66314.
A local agency may, by ordinance, provide for the creation of accessory dwelling units in areas zoned to allow single-family or multifamily dwelling residential use. The ordinance shall do all of the following:
(a) Designate areas within the jurisdiction of the local agency where accessory dwelling units may be permitted. The designation of areas may be based on the adequacy of water and sewer services and the impact of accessory dwelling units on traffic flow and public safety. A local agency that does not provide water or sewer services shall consult with the local water or sewer service provider regarding the adequacy of water and sewer services before designating an area where accessory dwelling units may be permitted.
(b) (1) Impose objective standards on accessory dwelling units that include, but are not limited to, parking, height, setback, landscape, architectural review, maximum size of a unit, and standards that prevent adverse impacts on any real property that is listed in the California Register of Historical Resources. These standards shall not include requirements on minimum lot size.
(2) Notwithstanding paragraph (1), a local agency may reduce or eliminate parking requirements for any accessory dwelling unit located within its jurisdiction.

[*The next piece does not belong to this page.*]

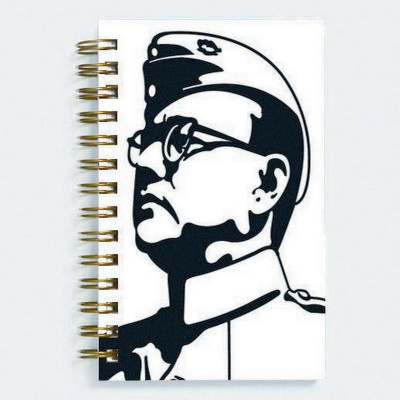 

Unique Indian Crafts A5 Diary(Netaji Bose, Multicolor)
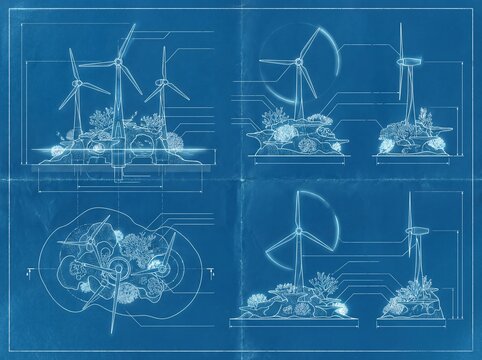 Offshore Wind Farm and Artificial Reef Blueprint for Sustainable Energy and Marine Ecosystem Design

(c) Provide that accessory dwelling units do not exceed the allowable density for the lot upon which the accessory dwelling unit is located, and that accessory dwelling units are a residential use that is consistent with the existing general plan and zoning
designation for the lot.
(d) Require the accessory dwelling units to comply with all of the following:
(1) Except as provided in Article 4 (commencing with Section 66340), the accessory dwelling unit may be rented separate from the primary residence, but shall not be sold or otherwise conveyed separate from the primary residence.
(2) The lot is zoned to allow single-family or multifamily dwelling residential use and includes a proposed or existing dwelling.
(3) The accessory dwelling unit is either attached to, or located within, the proposed or existing primary dwelling, including attached garages, storage areas or similar uses, or an accessory structure or detached from the proposed or existing primary dwelling and located on the same lot as the
proposed or existing primary dwelling, including detached garages.
(4) If there is an existing primary dwelling, the total floor area of an attached accessory dwelling unit shall not exceed 50 percent of the existing primary dwelling.
(5) The total floor area for a detached accessory dwelling unit shall not exceed 1,200 square feet.
(6) No passageway shall be required in conjunction with the construction of an accessory dwelling unit.
(7) No setback shall be required for an existing living area or accessory structure or a structure constructed in the same location and to the same dimensions as an existing structure that is converted to an accessory dwelling unit or to a portion of an accessory dwelling unit, and a setback of no more than four feet from
the side and rear lot lines shall be required for an accessory dwelling unit that is not converted from an existing structure or a new structure constructed in the same location and to the same dimensions as an existing structure.
(8) Local building code requirements that apply to detached dwellings, except that the construction of an accessory dwelling unit shall not constitute a Group R occupancy change under the local building code, as described in Section 310 of the California Building Code (Title 24 of the California Code of Regulations), unless the building official or enforcement agency of the local agency makes a written finding based on substantial evidence in the record that the construction of the accessory dwelling unit could have a specific, adverse impact on public health and safety. Nothing in this paragraph shall be interpreted to prevent a local agency from changing the occupancy code of a space that was unhabitable space or
was only permitted for nonresidential use and was subsequently converted for residential use pursuant to this article.
(9) Approval by the local health officer where a private sewage disposal system is being used, if required.
(10) (A) Parking requirements for accessory dwelling units shall not exceed one parking space per accessory dwelling unit or per bedroom, whichever is less. These spaces may be provided as tandem parking on a driveway.
(B) Offstreet parking shall be permitted in setback areas in locations determined by the local agency or through tandem parking, unless specific findings are made that parking in setback areas or tandem parking is not feasible based upon specific site or regional topographical or fire and life safety conditions.
(C) This subparagraph shall not apply to an accessory dwelling unit that is described in Section 66322.
(11) When a garage, carport, or covered parking structure is demolished in conjunction with the construction of an accessory dwelling unit or converted to an accessory dwelling unit, the local agency shall not require that those offstreet parking spaces be replaced.
(12) Accessory dwelling units shall not be required to provide fire sprinklers if they are not required for the primary residence. The construction of an accessory dwelling unit shall not trigger a requirement for fire sprinklers to be installed in the existing primary dwelling.
(e) Require that a demolition permit for a detached garage that is to be replaced with an accessory dwelling unit be
reviewed with the application for the accessory dwelling unit and issued at the same time.
(f) An accessory dwelling unit ordinance shall not require, and the applicant shall not be otherwise required, to provide written notice or post a placard for the demolition of a detached garage that is to be replaced with an accessory dwelling unit, unless the property is located within an architecturally and historically significant historic district.
(Added by Stats. 2024, Ch. 7, Sec. 20. (SB 477) Effective March 25, 2024.)